PROMPT: The data below should be copied out exactly, with its pictures omitted.

::: SUPPLIED MATERIAL

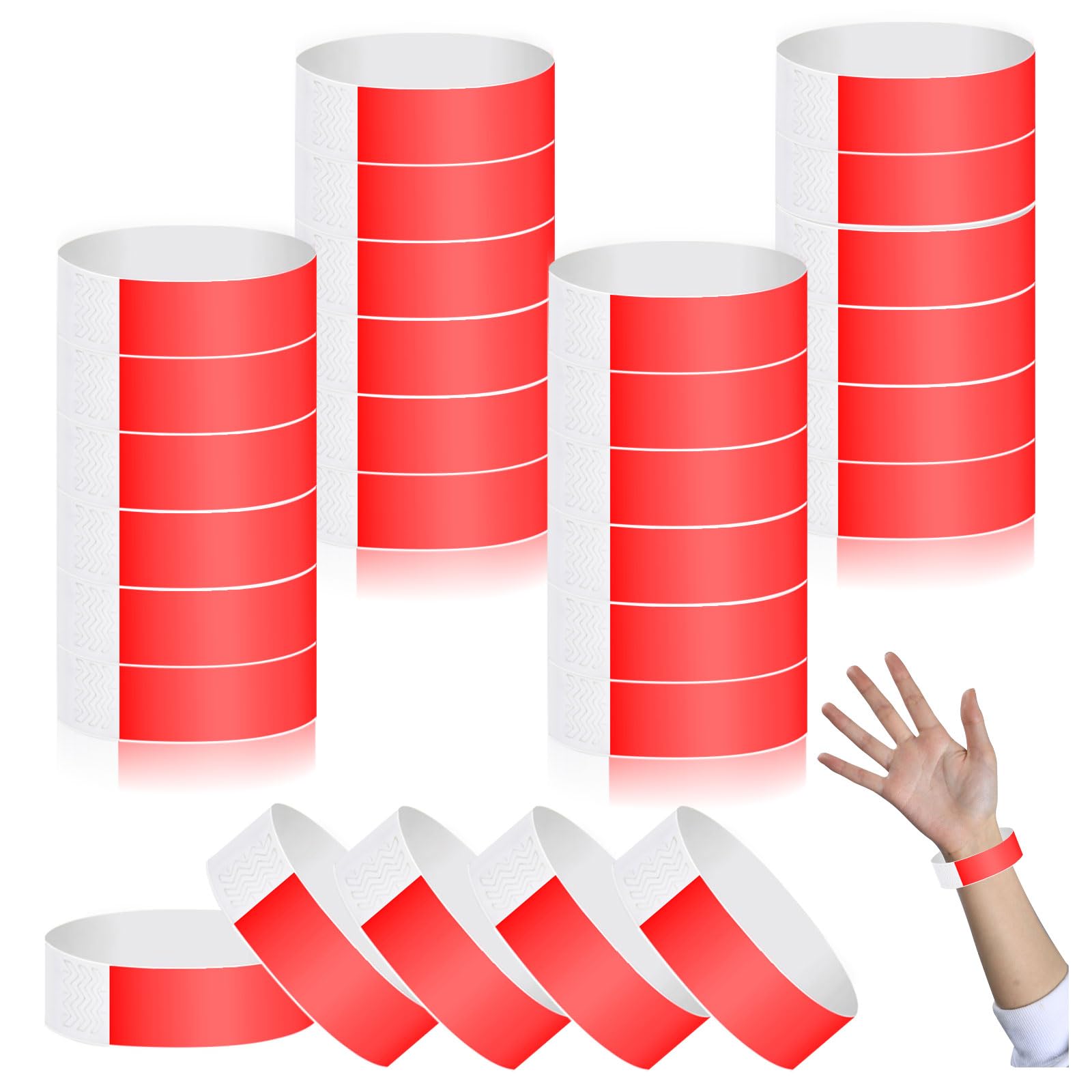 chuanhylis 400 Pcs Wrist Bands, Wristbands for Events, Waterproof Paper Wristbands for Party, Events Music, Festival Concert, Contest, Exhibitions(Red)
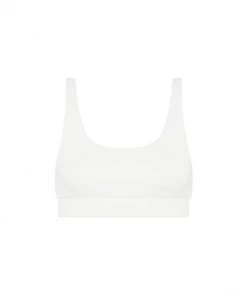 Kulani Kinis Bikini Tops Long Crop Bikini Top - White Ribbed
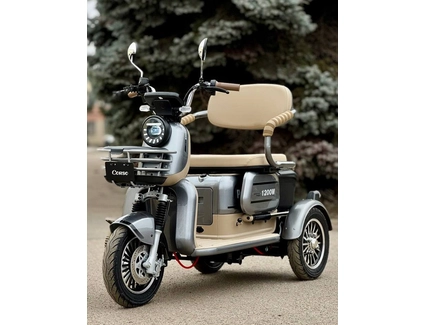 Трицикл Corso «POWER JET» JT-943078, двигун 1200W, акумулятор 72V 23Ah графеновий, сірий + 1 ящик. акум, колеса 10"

::::::

FINAL ANSWER:
 chuanhylis 400 Pcs Wrist Bands, Wristbands for Events, Waterproof Paper Wristbands for Party, Events Music, Festival Concert, Contest, Exhibitions(Red)
 Kulani Kinis Bikini Tops Long Crop Bikini Top - White Ribbed
 Трицикл Corso «POWER JET» JT-943078, двигун 1200W, акумулятор 72V 23Ah графеновий, сірий + 1 ящик. акум, колеса 10"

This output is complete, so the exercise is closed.